Ancor più bella quanto di perfezione assoluta la Carmen della divina Svetlana Zakharova applauditissima nella ripresa del balletto creato nel 1967 dal ballerino cubano, maître de ballet e coreografo Alberto Alonso, fondatore nel 1948 con il fratello Fernando e la cognata Alicia della Compagnia poi assurta a fama mondiale come Ballet Nacional de Cuba per la leggendaria Plisetskaja. Appositamente ripensata nel 2005 per la Zakharova, ultima interprete e dunque erede, vivente Alonso, di quanto voluto dallo stesso autore, la coreografia era arrivata per la prima volta a Napoli lo scorso ottobre nel cuore dell’Autunno Danza nella ripresa a cura della moglie Sonia Calero, quindi ora ritornata nella stessa edizione in doppia serata al Politeama per il Teatro Festival con pari solisti accanto al Corpo di Ballo sancarliano ma in titolo unico e con la grande novità dell’Orchestra del Conservatorio di musica di Benevento in luogo della compagine del Lirico.
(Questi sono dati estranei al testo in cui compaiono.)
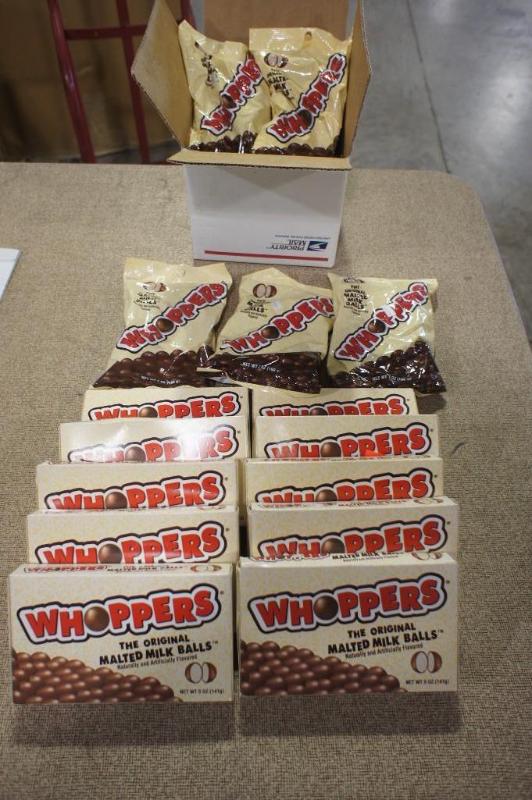 Lot of approx (20) Whoppers 5 oz bo...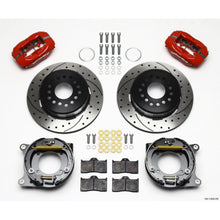 Wilwood Forged Dynalite P/S Park Brake Kit Drill-Red for Impala 59-64 [MPN: 140-11828-DR]_1818173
Semplicemente spettacolare, innanzitutto, il tris d’assi tornato per dar corpo e ulteriore anima ai protagonisti ispirati alla fonte letteraria originale della novella di Mérimée: per tecnica ed eros magnetica fino a togliere il fiato Svetlana Zakharova, adamantina, impeccabile e tagliente nella purezza delle linee, nello scatto folgorante dei ritmi e nella tensione delle dinamiche. Di una forza erotica talmente raffinata da rivelarsi categoria universale oltre le coordinate dello stile e del tempo. Lo abbiano scritto e qui lo ribadiamo: un emblema di Arte vera e purissima. Ma non meno stupefacenti, al suo fianco, sono stati ancora una volta i due protagonisti maschili pronti a suggellare la spiccata matrice russo-ispanica dell’intero spettacolo: il prestante Mikhail Lobukhin e il bellissimo venticinquenne Denis Rodkin, rispettivamente nei ruoli di uno spavaldo torero Escamillo e di un appassionato Don José. Amore, seduzione, gelosia, libertà e morte ne attraversano il Destino (Martina Affaticato) entro il quadro unico di un’arena con spettatori d'impronta coreutica cubana e di matrice scenica cubista. Pregevoli, intorno, le performance di Edmondo Tucci ( Zuniga) e della Compagnia di Balletto della Fondazione, affidata (ad oggi si è ancora in attesa della nomina di un direttore) al maître de ballet Lienz Chang.
Una speciale nota di merito spetta infine sia ai vertici del Lirico napoletano (per la fiducia accordata ad un organico di studenti in virtù di un illuminato protocollo d'intesa) che all'Orchestra di allievi ed ex allievi del Conservatorio "Nicola Sala" di Benevento (per l'ottima tenuta ai fini della resa) affidata, così come lo scorso ottobre lo era stata l'Orchestra della Fondazione, alla bacchetta di Alexei Baklan. Per nulla facile la partitura (preparata in sede con gli allievi dal docente Giuseppe Camerlingo) che mixa la sensualità di Bizet (Carmen e Arlésienne) con la forza slava di Ščedrin (Carmen Suite), compositore classe 1932 e marito della prima interprete Maja Plisetskaja. A maggior ragione apprezzato il vivido battito delle molteplici percussioni a sostegno delle plastiche linee melodiche ben cavate dal resto della compagine dell'Istituzione musicale diretta da Giuseppe Ilario con la presidenza di Caterina Meglio. Al termine, applausi caldissimi per tutti e un'ovazione speciale per la divina Zakharova.